Toyota is bringing a simulated manual transmission to its electric vehicles. It's apparently pretty fun, and the Japanese automaker's way to add more engagement to its EVs likely won't be limited to just six or seven speeds, like most manuals these days. A recent patent application from the automaker published just a few days ago claims there's technically no limit to how many "gears" such a device may have. Images published alongside the technical document show as many as 14 speeds. How does that actually work? The automaker explains that, too.
The patent goes into a lot of detail concerning the ins and outs of such a system. In a nutshell, the driver will be able to select exactly how many ratios they want. "The number of the virtual gear stage may be six stages or more, or less than six stages," the document notes. "A driver is allowed to select a desired pattern in line with his/her preference."
The whole "select a pattern" part is a little misleading, though. To be clear, the automaker does not describe some kind of electro-mechanical system to effectively create as many physical shift gates as the user desires. Instead, there would be a fixed number of actual gates; likely six but Toyota uses four as an example. A gear is selected just like a regular manual, however the lever may return to the neutral position after it's used.
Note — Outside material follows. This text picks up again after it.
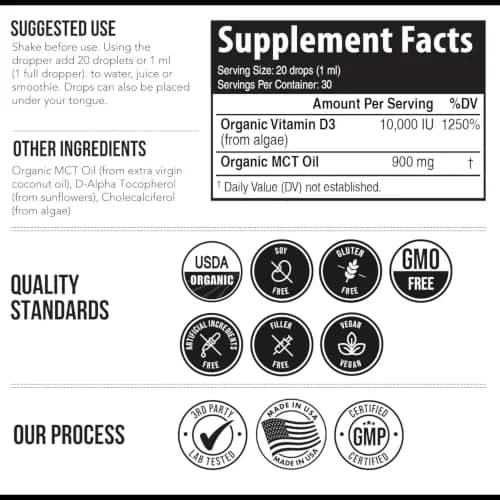 Triquetra Health Organic Plant D3 K2 Vitamin 10000 IU | Supports Immunity & Bone Health (70-120 chars) thumbnail 7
Then, as the driver goes through the gears, the virtual pattern shifts to the next set of "ratios." So if there's a pattern of six gears and sixth is selected, a display will change the available ratios inviting the driver to go up to seventh and all of the gears after that, or down to fifth and the existing set of gears.
Confusing? Well, there's a reason why automakers have never gone for more than seven gears in normal passenger cars. A 14-speed manual isn't practical when mated to a gasoline-burning combustion engine. When your manual transmission is just being simulated, though, Toyota seems to think there's no harm in giving people a choice.